ArtsLav was an arts venue located at Kennington Cross in Kennington, London, England. It started life as an underground Victorian gentlemen's public lavatory. It is now a listed and restored Kennington landmark used as a community arts facility, Artslav. Engineered by B. Finch and Co. in 1898. It went out of commission in 1988 during a period of public convenience closures in Lambeth.

Original features included marble urinals, three cubicles, a glass water tank, a mosaic floor from the 1960s, an attendant's booth, a ventilator shaft and horse trough.

==History==

Charlie Chaplin is thought to have used the lavatory during his childhood, and writes about sitting nearby when locked out of his home.

The lavatory was featured on Disappearing London in January 2006, an ITV programme that highlighted endangered London landmarks. After campaigning, led by Celia Stothard a local resident, and extensive fundraising, fundamental repairs were carried out with electricity and water being re-installed in 2013.

From 2013 until 2017, it functioned as a local community arts centre and a base for community employment projects. It became a Community Interest Company run by local residents and artists.

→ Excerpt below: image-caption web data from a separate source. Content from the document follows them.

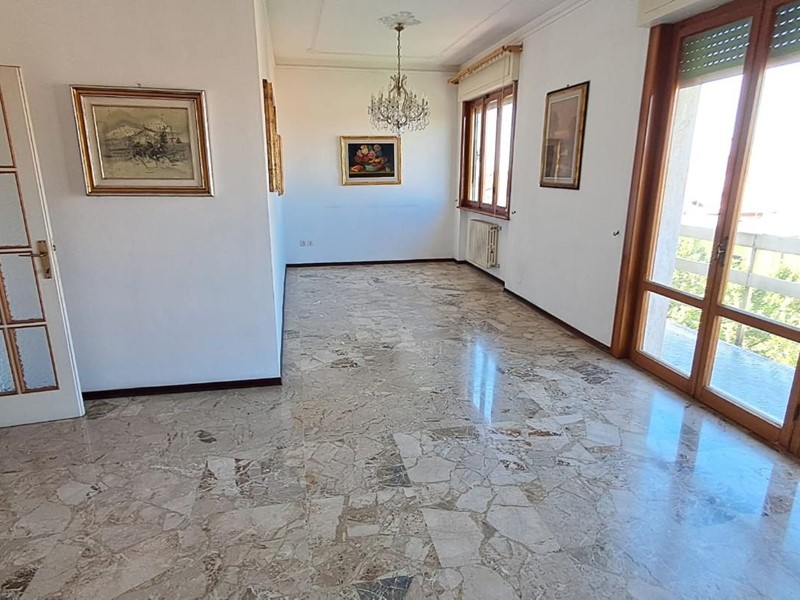 Appartamento in Vendita a Cecina, 255'000&euro;, 143 m², con Box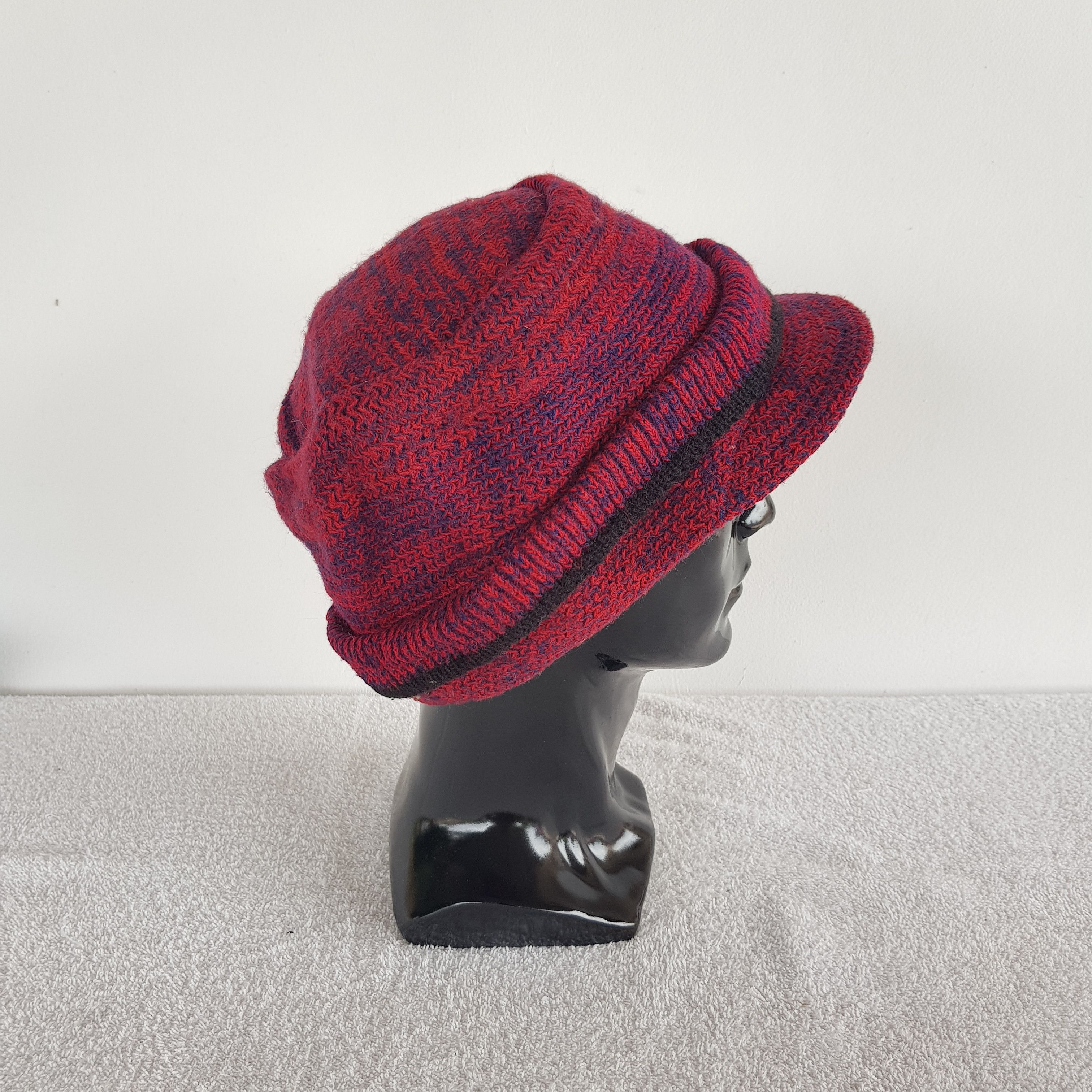 Japanese Brand × Vintage Unknown Burgundy Beanie Snow Cap Japanese Brand Hats Size ONE SIZE - 4 Thumbnail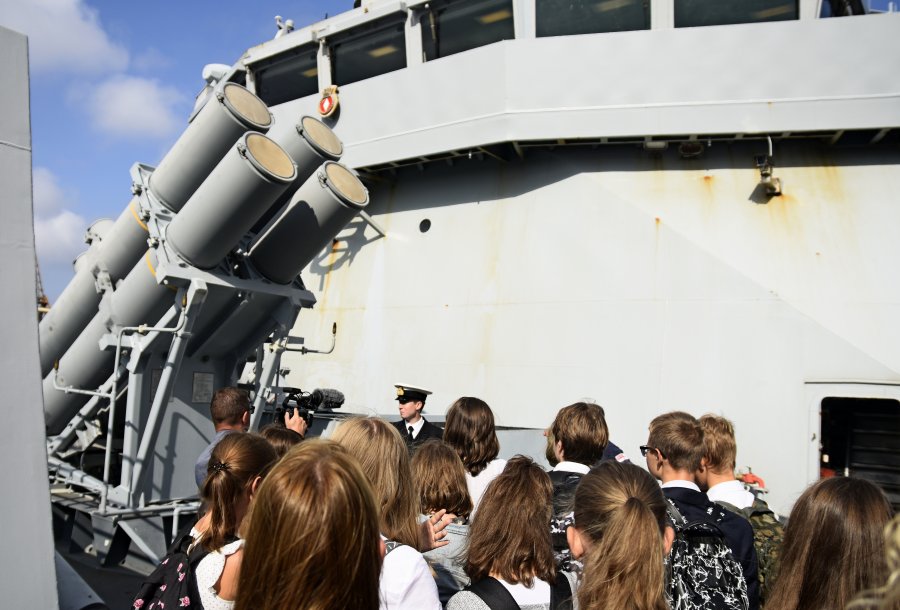 Uczniowie SP nr 26 w Gdyni zwiedzają HMS Diamond, fot. Kamil Złoch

In 2018, the local authority leased the structure to a commercial wine bar group, Bermondsey Arts Club.

==Features==

In 2001, Lambeth Council described it as containing the following features of architectural and historical interest:
- A fine stone cattle trough erected by the Metropolitan Drinking Trough Association in the 19th century (c.1880) – supported on four sturdy stone pillars.
- Elegant black painted cast iron railings enclosing the stairway down to the former public lavatory beneath.
- An imposing ventilation pipe over 6 meters in height – also of cast iron, mounted on a substantial black painted metal plinth.

It has been Grade II listed since October 2001.